A Faculdade que freqüentou assiduamente estava instalada no Convento de São Francisco, edifício de taipa, construído em meados do séc. XVII no estilo barroco-jesuítico. Nela, de 1848 a 1851, o patrono da cadeira nº 9 viveu sobretudo a utopia da poesia e da literatura, tão comuns entre os estudantes da época. Mas certamente seus estudos jurídicos, o acompanhamento do primeiro jornal acadêmico ("A Voz Paulistana"), a convivência com os colegas instalados nas celas do velho convento, nas pensões em casas de família e, sobretudo, nas famosas repúblicas, integraram-no a todo o ideário da instituição, que talvez se possa resumir em duas palavras: liberdade e justiça.

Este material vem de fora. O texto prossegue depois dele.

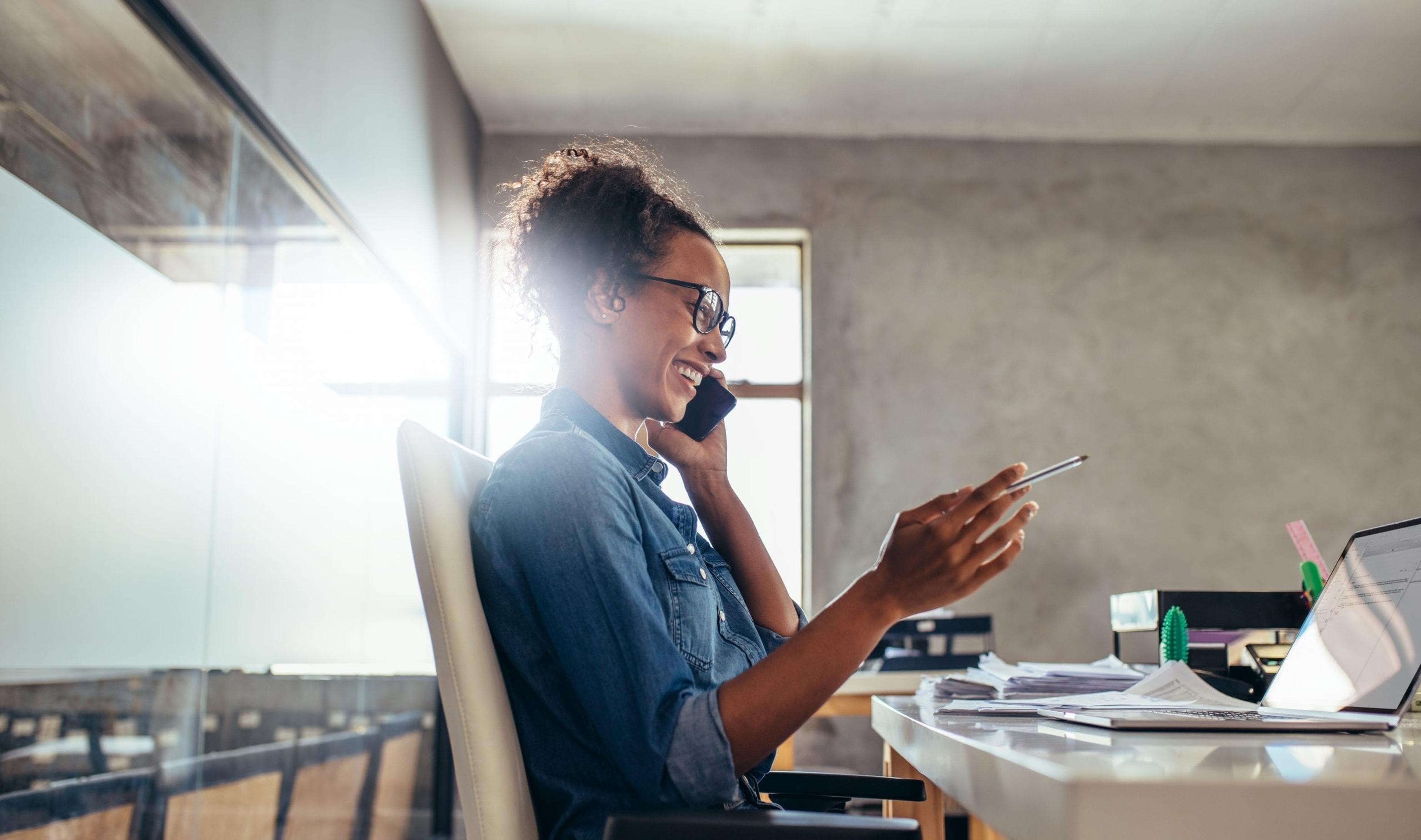 Business woman smiling on phone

Todavia seu projeto de vida não pôde incluir, em sua breve e fulgurante duração, os ideais então incipientes entre os estudantes: a Abolição, que alimentou a utopia de Fagundes Varela e Castro Alves e, pouco após, a República.

Diversamente ocorreu com o fundador da cadeira, Wenceslau de Queiroz, que se matriculou em 1883 na Faculdade de Direito e, devido a várias interrupções do curso motivadas por doenças, só se formou em 1890. Já haviam concluído seus estudos, na década de 60, Prudente de Morais, Campos Salles, Bernardino de Campos e Rangel Pestana. Da turma que colou grau em 1870, faziam parte Rui Barbosa e Joaquim Nabuco, além dos futuros Presidentes da República, Rodrigues Alves e Afonso Pena. Esses antecedentes não poderiam deixar de influenciá-lo. Além de escrever versos (Goivos, 1883, e Versos, 1890), colaborou em jornais e revistas, sendo redator de alguns, cujos títulos apontam para seu engajamento: "A Idéia", "A República", "A Vida Paulista". Mais tarde, escreveu para o "Diário Mercantil" e no "Correio Paulistano". Foi juiz federal, membro do Conselho Superior da Instrução Pública e Deputado estadual.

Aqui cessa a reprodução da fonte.